Argent facile. Pour les villageois qui ont commencé la plantation des arbres fournis par une compagnie chinoise, c'est le rêve d'argent facile. «On n'en avait jamais planté, mais les Chinois nous ont promis que ça rapporterait jusqu'à 30 centimes d'euro par arbre chaque jour », explique ce chef. Il n'a pas le choix. «Si on refuse, le gouvernement local a dit qu'il donnerait notre terre à d'autres planteurs venus d'ailleurs.» Comme la plupart des paysans convertis à l'or élastique, ce père de cinq enfants ne sait pas qu'il devra abandonner ses autres cultures pour assurer cette activité intensive, devenant ainsi dépendante d'une société qui fixe seule les prix. Le danger est la récupération des terres par les exploitants. «Ils travaillent lentement, ne se préoccupent que du lendemain, ce sont des gens de qualité inférieure», se plaint M. Kuang, expert agronome chinois et investisseur dans la province de Bokéo, où il est venu former les populations locales à la plantation de l'hévéa. Selon lui, «pas besoin de contrat» avec les paysans qui «ne comprennent rien» . Au nom de sa société Lei Lin, il a en revanche signé des accords avec les autorités : en cas de «mauvaise gestion» des plantations, des amendes seront imposées aux agriculteurs, voire l'éviction pure et simple. Et, si aucune main d'oeuvre qualifiée n'est disponible, des travailleurs étrangers seront sollicités. Une aubaine pour M.Kuang : «Pour l'instant, les locaux acceptent d'aménager les plantations car on les laisse planter du riz entre les arbres pendant deux ans. Mais quand viendra le moment de l'exploitation, ils risquent de ne pas tenir le rythme. Alors, on leur reprendra la terre et on fera venir de la main-d'oeuvre chinoise, ça ne manque pas chez nous», dit-il fièrement.
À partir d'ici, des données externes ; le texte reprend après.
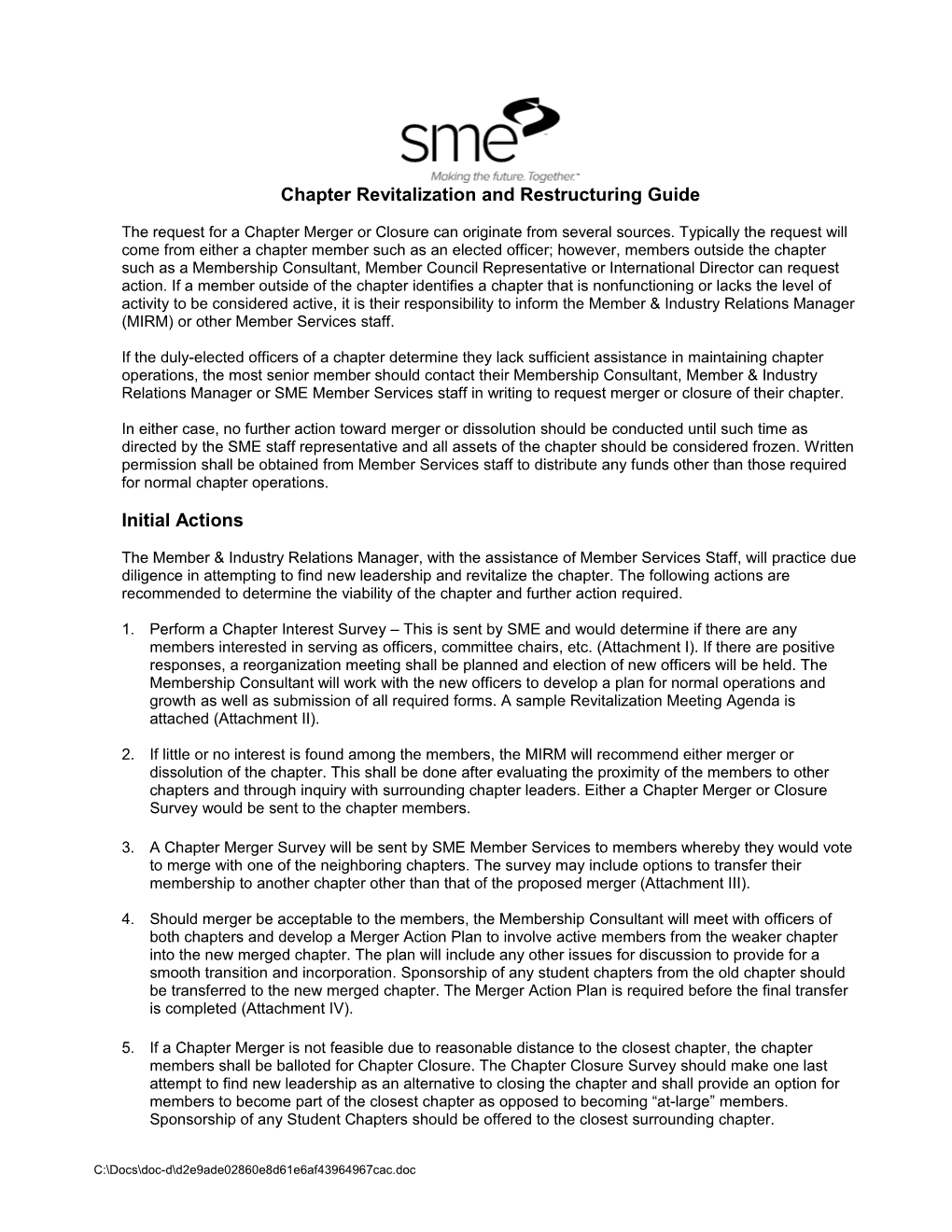 Chapter Merger and Closure Procedure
A travers tout le pays, c'est la même déferlante. D'environ 14 000 hectares de plantations d'hévéa aujourd'hui, les autorités ont planifié 200 000 hectares dans trois ans, exploités en majorité par des groupes chinois privés. Il s'agit de soulager les demandes de la Chine, assoiffée de matières premières, où la production a atteint son niveau maximal. Déjà vingt-sept sociétés chinoises exploitent le latex au Laos, et elles sont venues les mains pleines. Elles offrent les jeunes pousses, la technologie, les engrais chimiques, forment les paysans, construisent les usines de raffinage ainsi que les routes pour acheminer le caoutchouc vers la Chine, et ouvrent même des banques de crédit rural destinées exclusivement aux intérêts chinois. En échange, elles détiennent 40 à 80 % de la récolte pendant trente ans.
«Grand frère». Officiellement, cette porte ouverte aux exploitants chinois fait partie du plan de développement national dans un pays où huit personnes sur dix vivent de l'agriculture de subsistance. «La culture du caoutchouc se substitue à celle du pavot et permet d'améliorer le niveau de vie», justifie la presse officielle laotienne. C'est surtout une politique de la main tendue à la Chine qui, après la Birmanie et le Cambodge, a jeté son dévolu sur le Laos. Le «grand frère» communiste fournit presque la moitié de l'aide internationale au Laos, garantit une assistance militaire et diplomatique, et y investit massivement dans les mines, les exploitations forestières et les barrages électriques. C'est que, avec six millions d'habitants sur la superficie du Royaume-Uni, de grandes richesses naturelles, une administration corrompue et une économie sous-développée, le Laos ne fait pas le poids. «L'afflux de Chinois a un impact majeur sur la société et le commerce, et va sans doute conduire à une sinisation du pays. Malheureusement, dans un Etat à parti unique, il ne peut y avoir aucun débat», déplore Grant Evans, spécialiste du Laos depuis trente ans.
Les ONG internationales assistent, impuissantes, à ce changement. Sous le couvert de l'anonymat, la représentante d'une organisation occidentale qui travaille dans le nord du pays depuis dix ans déplore le choix du tout-caoutchouc : «La monoculture imposée est la marque de ce qu'on peut appeler une forme de colonisation moderne de la part de la Chine. Cela compromet tous nos efforts pour un développement durable et diversifié.» Pour Sombath Somphone, lauréat laotien du prix Magsaysay (le Nobel du développement), «nous sommes en train de passer directement dans l'arrière-cour de la mondialisation, au lieu de faire jouer nos atouts comme l'artisanat, l'agriculture et le tourisme».
Enlèvement. Les rares oppositions officielles à cette invasion du caoutchouc sont durement réprimées. Dans la province de Champassak, un millier d'agriculteurs refusant de couper leurs arbres fruitiers pour laisser place à l'hévéa ont été expulsés de leurs terres l'an passé. A Luang Namtha, province bordant la Chine, l'activiste Sompawn Khantisouk dénonçait la destruction de la forêt tropicale au profit de l'hévéa, et avait prouvé que l'écotourisme rapportait autant voire davantage que le caoutchouc en bénéficiant mieux aux populations locales. Il a été enlevé fin janvier par des hommes en uniforme. On est toujours sans nouvelles de lui.